Cavalcare la tigre è un manuale di sopravvivenza metapolitica per chi dissente dal proprio tempo e dal mondo in cui vive; ma, non potendolo modificare, preferisce ritirarsi in attiva solitudine e padroneggiarlo, cavalcarlo per non essere travolto. «Cavalcare la tigre» è un motto cinese, rispolverato anche da Mao, e suggerisce non di affrontare la tigre o tentare la fuga, ma di saltarle in groppa e correre su di lei. È un breviario aristocratico di nichilismo attivo per chi ha scelto non la politica, ma l’apolitìa, come la chiama Evola, o la scelta «impolitica» come invece l’aveva definita Thomas Mann.
Cavalcare la tigre compie ora cinquant’anni e la Fondazione Evola diretta da Gianfranco de Turris ha deciso di ricordare quell’opera che ebbe un effetto bomba sulla destra giovanile, soprattutto quella radicale. E ha organizzato all’Accademia di Romania in Roma un incontro per discutere di quel libro di culto che pervase almeno tre generazioni di non conformisti. Dal ’61 ad oggi continua a essere ristampato continuamente; l’edizione più recente ha l’introduzione di Stefano Zecchi e la postfazione di de Turris, che è il curatore dell’opera omnia evoliana.

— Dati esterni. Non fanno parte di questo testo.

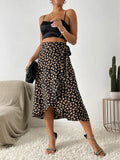 Women's black midi wrap skirt with asymmetrical hem, allover cream leaf print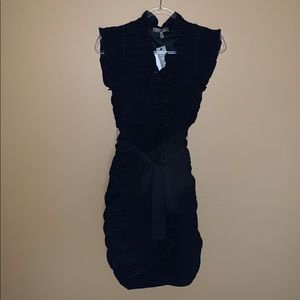 Elegant navy blue ruffled dress.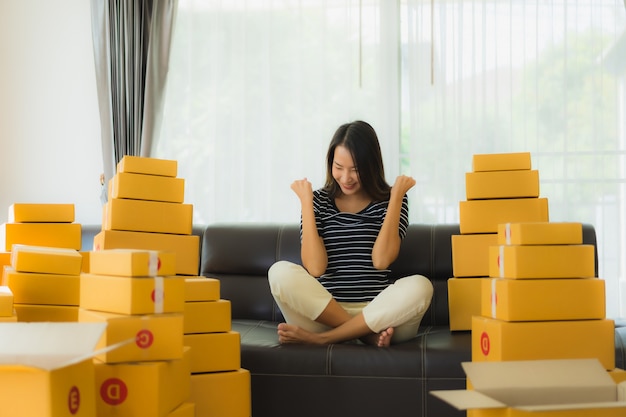 Retrato de hermosa mujer asiática joven con cajas de paquetería de cartón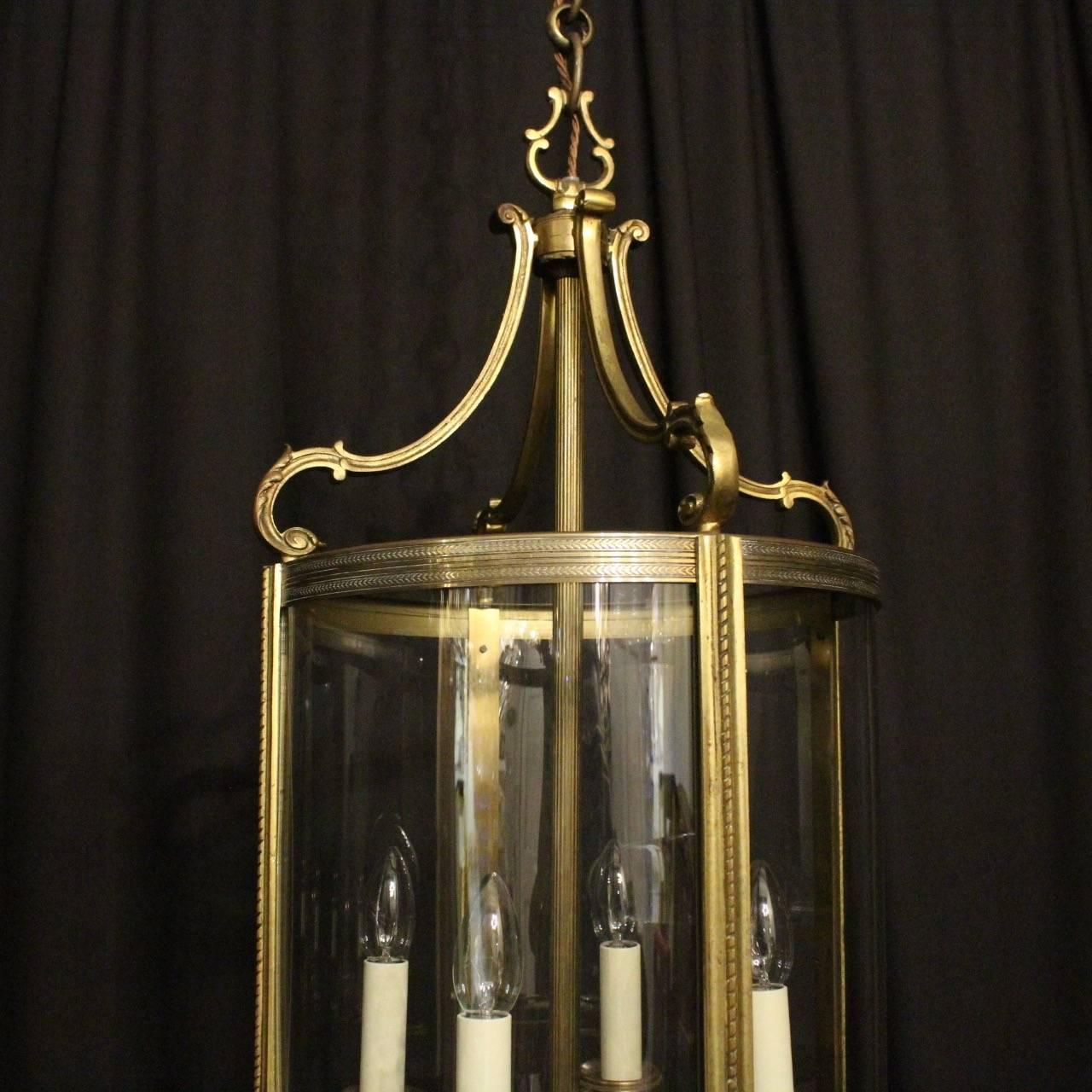 Large French gilded cast bronze four light antique hall lantern, the four ornate scrolling light fittings with circular bobeche drip pans, surrounded by four sectional convex glass panels and held within an ornately cast scrolling framework with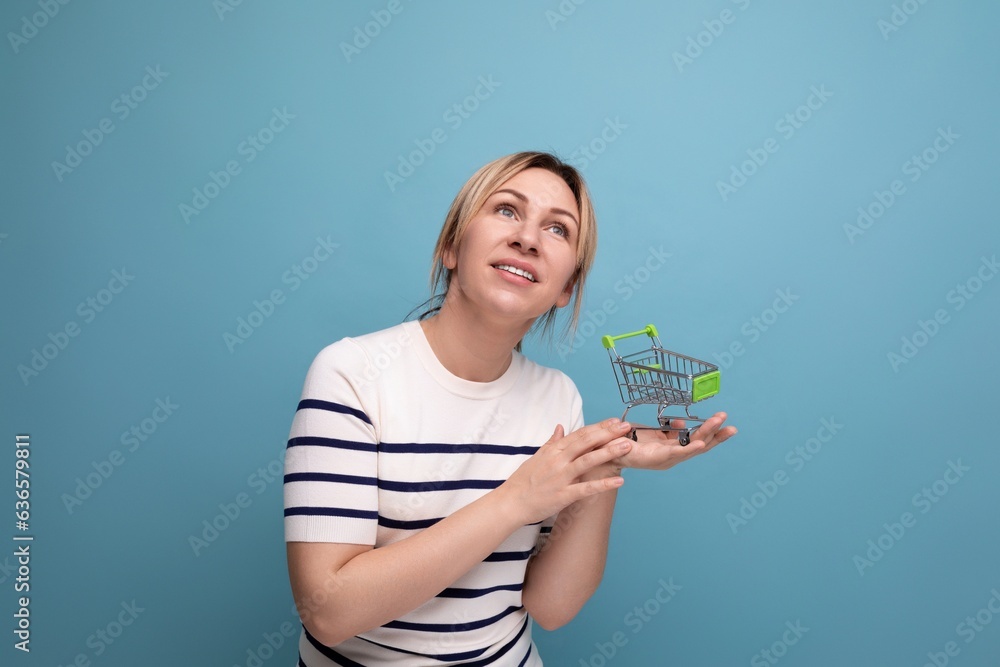 horizontal photo of young cute casual shopaholic woman holding supermarket shopping trolley on blue background with copy space horizontal photo of young cute casual shopaholic woman holding supermarket shopping trolley on blue background with copy space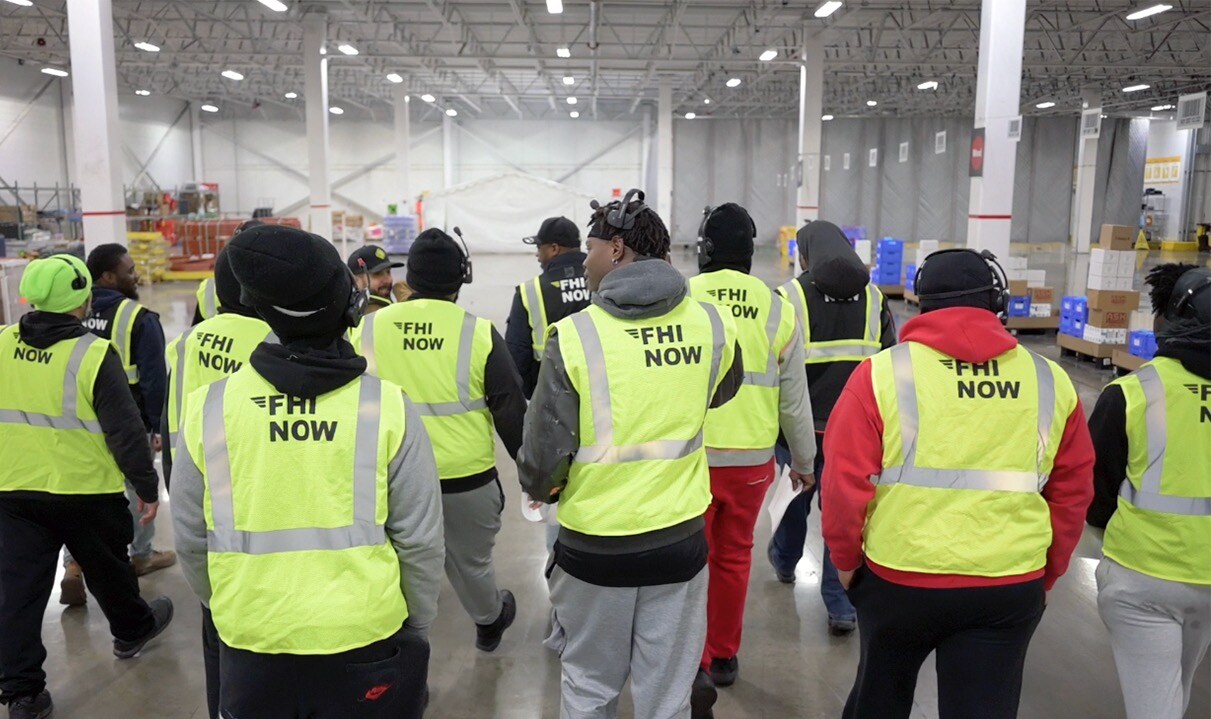 An image of FHI workers providing on-demand labor services at a warehouse.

Cavalcare la tigre è l’opera di un pensatore legato alla Tradizione il quale, vivendo nell’irreversibile Età Oscura (kaly yuga), in preda a decadenza, desolazione e rovine, favorisce la corsa verso la dissoluzione perché solo raggiungendo il punto zero si potrà poi risalire e invertire la rotta. Una posizione che rischia la complicità con i dèmoni della decomposizione. L’anomìa, il caos, la trasgressione, l’anarchia diventano per l’evoliano occasioni per temprarsi.
Cavalcare la tigre fu il ’68 della destra colta e radicale, la trasgressione nel nome della tradizione.
Nelle mani dei giovani radicali di destra Cavalcare la tigre diventò un libro pericoloso. Ma non perché istigasse alla violenza e al terrorismo, come pensarono alcuni questurini dell’ideologia, ma perché diventò un nobile alibi per scelte anarco-individualiste, per esperienze trasgressive e alienanti e per la fuga dalla politica. Fu la via d’accesso per entrare da destra nel dionisismo di massa che poi esplose nel ’68. O, per altri versanti, fu una password verso l’uso della modernità e dei suoi mezzi.
In quel testo Evola tornava alla sua gioventù dadaista e all’Autarca, l’individuo assoluto della sua prima filosofia. Tornava a Nietzsche e al suo nichilismo attivo, incontrava Ernst Jünger, del quale tradusse - nello stesso periodo in cui scriveva Cavalcare la tigre - l’Operaio, e al poeta Gottfried Benn. Fra il Tantra e Dioniso. Poi, davanti al ’68, Evola tornò alla Tradizione, si spinse nel ruolo di teorico di una Destra metastorica e postfascista e si spense nel ’74, in piena epoca di stragi «nere» che gettarono su di lui un’ingiusta luce diabolica, da Grande Ispiratore.
Poi la tigre disarcionò i suoi cavalcatori e continuò a correre verso il nulla.